Dallas reporter Mike Castellucci has been shooting stories on his iPhone for a while now, and said he wanted to try something bigger. He shot the first few minutes of the special on his own time and got a thumbs up from management. Phoning It In, shot entirely on an iPhone 5 (and edited in Final Cut), aired on WFAA last month.
Castellucci told me the experience was challenging, surprising and fun. He already knew what gadgets he’d need: a tripod adapter, a suction cup, an audio adapter for a standard XLR mic input, and an Olloclip wide-angle lens, which he says he used for about 90% of the shots in the program. Castellucci also knew he couldn’t zoom with the phone. “I had to get close, and I had to plan well.”
But shooting with a phone has its advantages, too. “It was freeing for people, not intimidating,” he said. The results bear him out.
If you watch the whole show, you can’t miss Castellucci’s references to the way TV news is typically shot. “What do you mean, you don’t need me?” asks WFAA photojournalist Mike Muller at the start.
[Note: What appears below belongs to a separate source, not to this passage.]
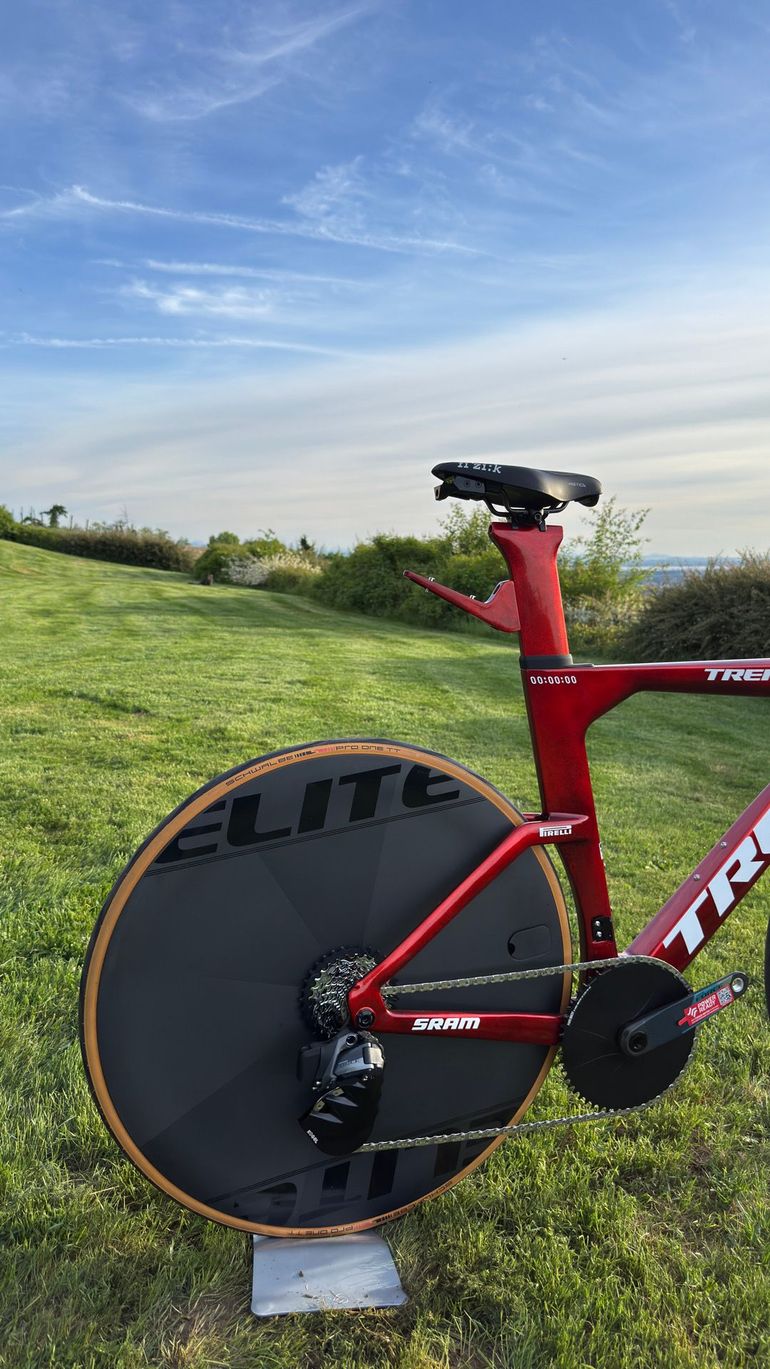 Gebrauchtes Velobuild Custom SRAM Force eTap AXS 2026 Road & Gravel, Rot — Bild 2 von 4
Midway through, Castellucci describes himself as being at a crossroad, “at the corner of creating a television special using only my phone and keeping professional camera people as friends.”
The program did start a conversation among photojournalists, some of whom saw it as the end of the world as they know it. “We’re doomed,” one TV photographer posted in a Facebook discussion. “This is a reason to start going to night school to learn a new profession,” said another. “I can already hear management salivating at the chance to save money.”
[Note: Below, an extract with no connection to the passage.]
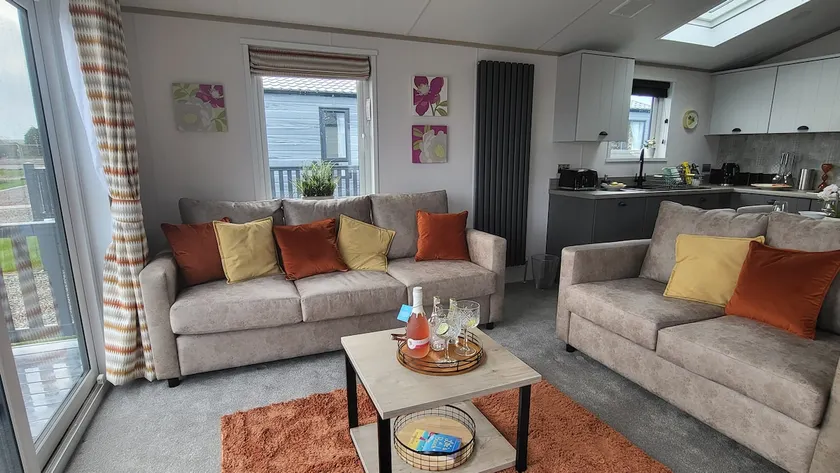 Honeycomb Lodge - Holiday Home 5 min from Padstow - Image 1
That wasn’t a universal reaction, however. Several photojournalists complimented Castellucci’s creativity. Others said they planned to try shooting with their mobile phones.
WFAA executive news director Carolyn Mungo says using an iPhone is Castellucci’s “art,” and she’s proud to have him as part of the team. “I believe a successful newsroom is comprised of a staff with multiple skill sets and different kinds of talents,” she says. “Depending on the story, it’s a two person shoot, a one person shoot, an iPhone report, or two still photos and a tweet. It depends on the story.”
The iPhone is “just a tool,” Castellucci says, “maybe for one or two people in a newsroom who want a creative outlet.” What’s most important, as he says at the end of the program, is that “technology will always change. Storytelling will never change.”